# Poll: BioCube14 vs Ebi for Shrimp Only Tank



## ngo911 (May 19, 2010)

So I received a BioCube 14 as a gift, but I'm not sure if I want to keep it.

I was planning to buy a Fluval Ebi to use a shrimp tank, but now with the BioCube, I'm not sure what to do.

The tank will be lightly planted, probably only with mosses.

IF you were me, what would you do?!


----------



## mysticalnet (Apr 22, 2010)

sell the biocube, get a 20G long.... and start a shrimp tank.
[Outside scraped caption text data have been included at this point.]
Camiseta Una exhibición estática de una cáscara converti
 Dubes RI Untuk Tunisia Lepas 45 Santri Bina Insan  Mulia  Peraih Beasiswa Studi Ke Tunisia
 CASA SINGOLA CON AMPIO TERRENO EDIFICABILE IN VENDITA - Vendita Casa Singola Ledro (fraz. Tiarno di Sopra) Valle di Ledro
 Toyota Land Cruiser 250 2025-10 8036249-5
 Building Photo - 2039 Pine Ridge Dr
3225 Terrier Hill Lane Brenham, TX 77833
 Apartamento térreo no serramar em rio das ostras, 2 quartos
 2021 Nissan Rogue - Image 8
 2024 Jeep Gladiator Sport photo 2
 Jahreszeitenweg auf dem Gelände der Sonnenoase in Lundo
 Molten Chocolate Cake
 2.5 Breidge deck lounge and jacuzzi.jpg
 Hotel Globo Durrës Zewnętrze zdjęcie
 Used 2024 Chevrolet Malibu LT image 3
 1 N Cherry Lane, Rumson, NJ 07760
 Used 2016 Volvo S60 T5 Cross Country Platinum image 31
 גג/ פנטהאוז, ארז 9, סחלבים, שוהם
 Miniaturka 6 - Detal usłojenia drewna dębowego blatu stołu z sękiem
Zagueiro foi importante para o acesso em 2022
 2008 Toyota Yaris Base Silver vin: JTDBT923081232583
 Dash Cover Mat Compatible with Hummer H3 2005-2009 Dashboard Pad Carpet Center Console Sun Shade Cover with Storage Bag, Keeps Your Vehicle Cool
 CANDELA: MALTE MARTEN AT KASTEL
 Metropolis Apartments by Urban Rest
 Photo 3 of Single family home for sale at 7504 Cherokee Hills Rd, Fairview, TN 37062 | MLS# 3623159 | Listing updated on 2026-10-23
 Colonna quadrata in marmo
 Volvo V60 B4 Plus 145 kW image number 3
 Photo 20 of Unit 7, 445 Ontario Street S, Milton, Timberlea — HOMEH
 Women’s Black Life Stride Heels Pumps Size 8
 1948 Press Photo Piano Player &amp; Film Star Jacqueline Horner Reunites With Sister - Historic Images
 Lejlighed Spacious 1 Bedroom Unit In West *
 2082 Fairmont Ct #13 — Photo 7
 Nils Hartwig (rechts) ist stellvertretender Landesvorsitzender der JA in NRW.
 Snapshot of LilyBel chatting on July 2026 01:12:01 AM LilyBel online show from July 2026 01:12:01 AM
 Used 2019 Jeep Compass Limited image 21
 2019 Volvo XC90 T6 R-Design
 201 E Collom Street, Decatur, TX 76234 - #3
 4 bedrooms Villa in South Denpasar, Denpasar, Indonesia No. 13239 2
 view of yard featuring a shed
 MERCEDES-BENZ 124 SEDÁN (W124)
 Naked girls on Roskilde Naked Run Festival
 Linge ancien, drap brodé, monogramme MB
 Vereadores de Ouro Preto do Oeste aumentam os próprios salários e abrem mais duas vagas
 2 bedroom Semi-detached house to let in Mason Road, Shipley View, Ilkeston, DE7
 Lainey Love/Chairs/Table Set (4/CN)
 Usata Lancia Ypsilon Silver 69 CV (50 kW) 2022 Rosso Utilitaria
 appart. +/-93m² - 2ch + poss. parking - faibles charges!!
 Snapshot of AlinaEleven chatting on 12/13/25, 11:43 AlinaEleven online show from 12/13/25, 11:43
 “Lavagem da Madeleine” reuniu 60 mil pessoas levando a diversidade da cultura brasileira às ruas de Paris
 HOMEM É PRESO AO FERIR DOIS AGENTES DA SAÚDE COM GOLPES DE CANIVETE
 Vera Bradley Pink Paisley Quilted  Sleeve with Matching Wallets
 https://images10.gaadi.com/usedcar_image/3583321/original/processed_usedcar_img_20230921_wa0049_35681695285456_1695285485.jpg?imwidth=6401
Fits more shrimp for the future, you can do more aquascaping also.


----------



## effox (Apr 21, 2010)

You'd have to modify the biocube to prevent shrimp from getting into the filter intake through those top and bottom vents on the right hand side as well.


----------



## ngo911 (May 19, 2010)

I thought about getting a 20L but I currently don't have anywhere to keep a tank with that footprint at the moment. That's why I've been looking at these cube tanks.

Chris, I was thinking of using either sponge or mesh to cover the intake. I think sponge would be better for a bit more bio filtration.


----------



## Sandy Landau (Jun 4, 2010)

Go with the tank you have. It will make the person who gave it to you happy. The Fluval Ebi is very nice but the Biocube is very nice, too, so love the one you already have is my advice. 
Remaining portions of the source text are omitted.